= Robert A. Muh =

American entrepreneur and investor

Robert A. Muh (born January 7, 1938) is an American entrepreneur, investor, economist and philanthropist. He is a board member of Sutter Securities Incorporated, an investment firm in San Francisco, California.

== Early life and career ==
Muh was born on January 7, 1938, and raised on Long Island to immigrant Jewish parents from Germany and Austria. He attended the Massachusetts Institute of Technology (MIT) where he earned a S.B. in Management in 1959. He then went to Columbia University where he earned an MBA and a Master of Philosophy degree in finance. While he was teaching finance at Columbia Business School, he met Berit Spant, a student in operations research at Columbia University Graduate School of Business. They both went to work at McKinsey & Co. and were married in 1968. They have two daughters and three grandchildren.

== Business career ==
Muh served as a 2nd Lieutenant in the U.S. Army before beginning his business career as a management consultant at McKinsey & Co. from 1966 to 1969. He then left to become chairman of a New York Stock Exchange member firm, Newburger, Loeb & Co, Inc. In 1972, Muh joined Bear Stearns & Co. as head of the Los Angeles region corporate finance department. He became a general partner at Bear Stearns in 1982 and served as senior managing director of the San Francisco region from 1984 to 1987. He was President of Financial Services International Inc. from 1987 to 1992. In 1992, Muh co-founded Sutter Securities, Inc., a full-service investment-banking firm headquartered in San Francisco. He served as CEO of Sutter Securities and was president until 2020.

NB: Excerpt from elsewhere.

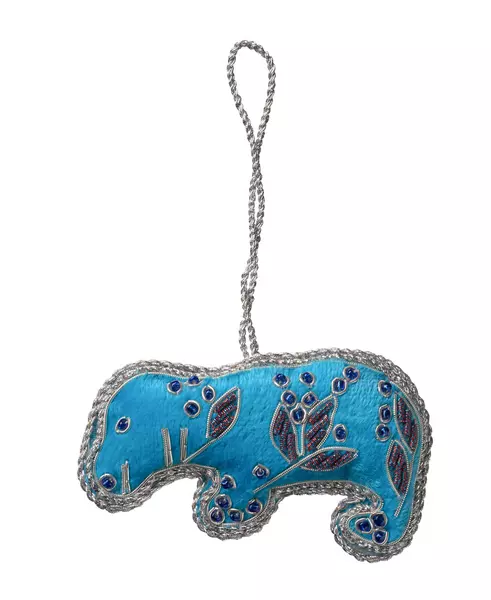 Fabric Pendant: Hippo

Muh is the former chair of the Financial Industry Regulatory Authority (FINRA) District Committee for Northern California, Northern Nevada and Hawaii; FINRA is the successor to the NASD and is the largest independent regulator for all securities firms doing business in the United States; he served as Chairman of the FINRA Small Firm Advisory Board and he was the Vice Chair of the National Association of Independent Broker/Dealers (NAIBD). In September 2016, Muh was elected to a three-year term on the FINRA Board of Governors.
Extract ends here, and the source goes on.